10.1128/ec.00027-15 ◽

2015 ◽

Vol 14 (9) ◽

pp. 908-921 ◽

Cited By ~ 7

Author(s):

Nicole Bühler ◽

Daisuke Hagiwara ◽

Norio Takeshita

Keyword(s):

Plasma Membrane ◽

Aspergillus Nidulans ◽

Filamentous Fungi ◽

Gene Deletion ◽

Fluorescent Protein ◽

Fungal Growth ◽

Hyphal Growth ◽

Apical Plasma Membrane ◽

Important Species ◽

Content Type

ABSTRACT Polarized growth in filamentous fungi needs a continuous supply of proteins and lipids to the growing hyphal tip. One of the important membrane compounds in fungi is ergosterol. At the apical plasma membrane ergosterol accumulations, which are called sterol-rich plasma membrane domains (SRDs).
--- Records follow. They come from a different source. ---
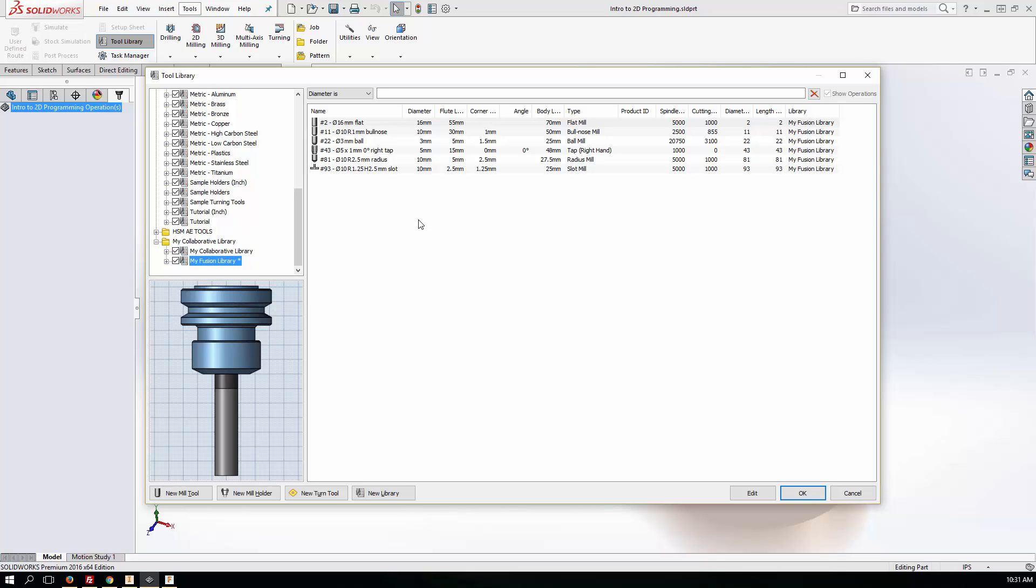Hopefully I've shown you a new way of working with the full CAM product and Fusion 360 or just sharing data, tool data between all three of those products depending on which combinations you're using. It certainly gives you more options when it comes to using CAM in your manufacturing company.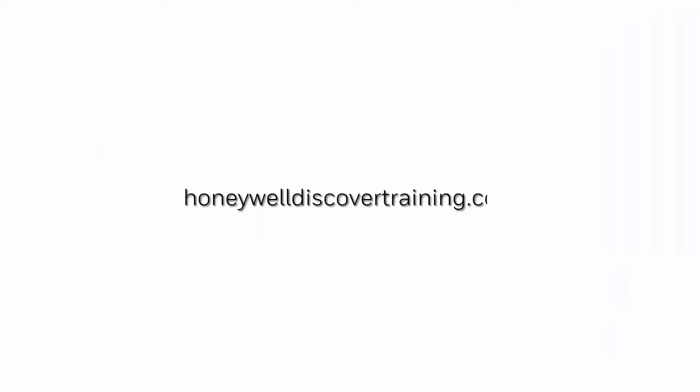Explore our trainings and discover your potential. Go to HoneywellDiscoverTraining.com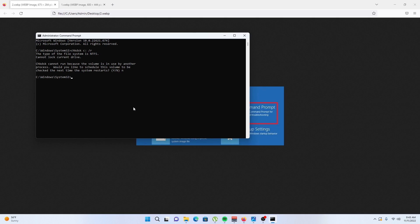If this solution doesn't work, try the next solution. Type in sfc space /scannow and hit enter.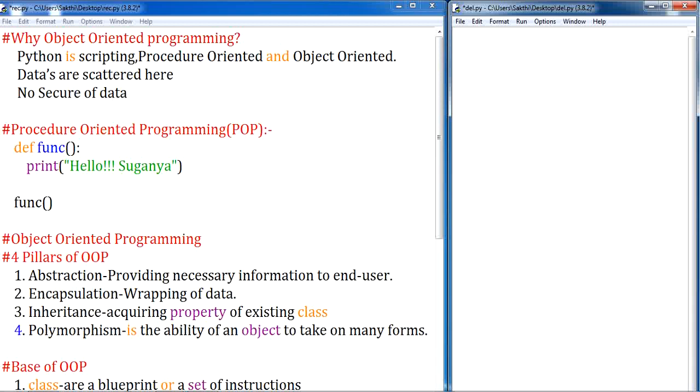Hello everyone, welcome to my channel Techiesugan. In this video, we are going to learn about object-oriented programming and its implementation.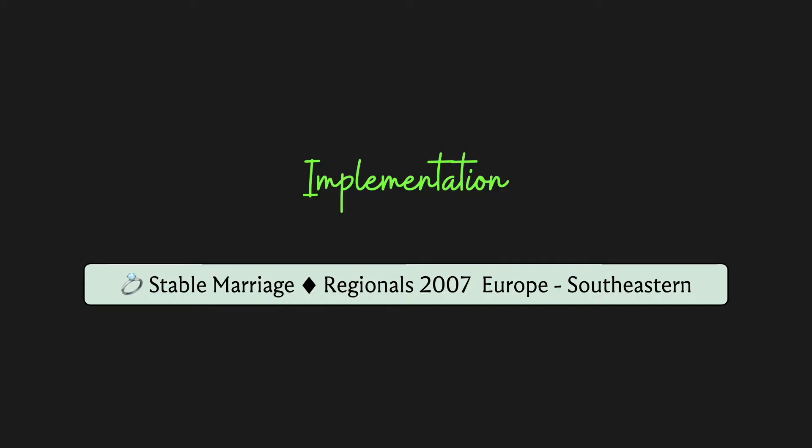Hello and welcome to this short follow-up video where we discuss the implementation for the stable marriage problem that we discussed in the previous video. Now as I mentioned there, this problem is available both in the ICPC regional archives as well as the CodeShift problem archive.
The exact roles and formation mechanism of the SRDs remained unclear, although the importance has been recognized for hyphal growth. Transport of ergosterol to hyphal tips is thought to be important for the organization of the SRDs. Oxysterol binding proteins, which are conserved from yeast to human, are involved in nonvesicular sterol transport. In Saccharomyces cerevisiae seven oxysterol-binding protein homologues (OSH1 to -7) play a role in ergosterol distribution between closely located membranes independent of vesicle transport. We found five homologous genes ( oshA to oshE ) in the filamentous fungi Aspergillus nidulans . The functions of OshA-E were characterized by gene deletion and subcellular localization. Each gene-deletion strain showed characteristic phenotypes and different sensitivities to ergosterol-associated drugs. Green fluorescent protein-tagged Osh proteins showed specific localization in the late Golgi compartments, puncta associated with the endoplasmic reticulum, or diffusely in the cytoplasm. The genes expression and regulation were investigated in a medically important species Aspergillus fumigatus , as well as A. nidulans . Our results suggest that each Osh protein plays a role in ergosterol distribution at distinct sites and contributes to proper fungal growth.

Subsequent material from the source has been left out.